Premier pays européen à avoir adopté en 2004 une loi faisant du genre de la victime une circonstance aggravante en cas d'agression, l'Espagne veut en finir «une fois pour toutes» avec ce «fléau», a martelé le premier ministre socialiste Pedro Sanchez après la récente recrudescence de féminicides.
Partout en Europe, les confinements ont rendu la détection des violences conjugales encore plus délicate. Cloîtrées, les victimes ont été obligées de cohabiter avec leur bourreau et d'appeler à l'aide dans la plus grande discrétion.
En Espagne, durant le confinement (de mi-mars à mi-juin 2020), les demandes d'aide ont augmenté de 58% par rapport à la même période de 2019 avec un boom des demandes d'information en ligne (+458%), des sollicitations «silencieuses» comme les qualifie le ministère de l'égalité.
Sous surveillance permanente
«Cela en dit long sur la situation des femmes qui ne pouvaient même pas passer un coup de fil depuis leur domicile», commente Victoria Rosell.
En Italie et en Allemagne, même constat avec des pics très marqués en avril et mai 2020 du nombre d'appels aux numéros d'urgence consacrés aux violences conjugales. Au Royaume-Uni, l'organisation «Refuge», qui aide les victimes des violences familiales et conjugales, a reçu du printemps 2020 à février 2021 presque deux fois plus d'appels qu'en temps normal.
Enfermées avec leur agresseur, les femmes victimes de violences ont été sous sa surveillance permanente. Comment dès lors appeler à l'aide?
En Italie, elles pouvaient appeler le numéro d'urgence de la police et dire «je voudrais commander une pizza margherita», indiquant à l'opérateur qu'elles étaient victimes de violences ou craignaient de l'être et déclenchant l'envoi d'une patrouille. En Espagne, elles pouvaient demander «un masque violet» dans les pharmacies, rares endroits ouverts pendant le confinement.
«Scénario idéal»
Si les appels se sont multipliés, les plaintes comme les assassinats ont, en revanche, baissé pendant les restrictions, relève Angeles Carmona, la présidente de l'observatoire espagnol contre la violence domestique et de genre.

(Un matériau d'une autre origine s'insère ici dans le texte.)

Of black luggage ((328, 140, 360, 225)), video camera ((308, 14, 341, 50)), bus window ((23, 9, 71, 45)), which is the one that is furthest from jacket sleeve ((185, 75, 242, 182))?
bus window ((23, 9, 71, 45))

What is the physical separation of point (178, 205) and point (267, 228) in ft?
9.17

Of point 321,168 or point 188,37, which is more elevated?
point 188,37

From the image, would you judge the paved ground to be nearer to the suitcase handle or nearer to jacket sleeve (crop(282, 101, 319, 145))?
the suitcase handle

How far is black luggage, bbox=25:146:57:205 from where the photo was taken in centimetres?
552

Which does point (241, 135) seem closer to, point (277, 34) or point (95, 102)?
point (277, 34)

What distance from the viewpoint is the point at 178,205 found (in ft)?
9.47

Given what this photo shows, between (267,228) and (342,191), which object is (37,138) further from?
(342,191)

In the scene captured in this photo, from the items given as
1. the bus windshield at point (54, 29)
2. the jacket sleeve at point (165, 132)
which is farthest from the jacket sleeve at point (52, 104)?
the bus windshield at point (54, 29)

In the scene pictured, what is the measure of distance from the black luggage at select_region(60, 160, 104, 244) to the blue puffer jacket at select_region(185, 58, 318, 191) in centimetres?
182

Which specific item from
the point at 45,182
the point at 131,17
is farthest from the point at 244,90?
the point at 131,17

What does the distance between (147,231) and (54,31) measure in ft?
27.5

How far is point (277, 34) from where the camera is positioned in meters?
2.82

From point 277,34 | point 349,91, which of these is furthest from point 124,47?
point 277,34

En France, en Italie ou en Espagne, le nombre de féminicides a ainsi baissé l'an dernier avec respectivement 90, 67 et 45 femmes tuées par leur compagnon ou ex-compagnon. En Belgique, ce chiffre s'est maintenu à 24.
Le phénomène n'est pas surprenant, car le confinement a été le «scénario idéal pour exercer la violence de contrôle» entre absence de vie sociale et télétravail, estime ainsi Angeles Jaime de Pablo, présidente de l'association féministe Themis, selon laquelle la recrudescence actuelle des féminicides était «prévisible».
C'est souvent lors de l'annonce de la séparation, du divorce ou du début d'une nouvelle relation amoureuse qu'a lieu le passage à l'acte. Le confinement a, de fait, reporté ces éléments déclencheurs.
«Une fois la crise sanitaire terminée, de nombreuses victimes réalisent qu'elles ont les outils pour mettre fin à la relation. Et c'est là où il y a un risque majeur que les assassinats se produisent», selon Carmen Ruiz Repullo, sociologue spécialisée dans la violence de genre.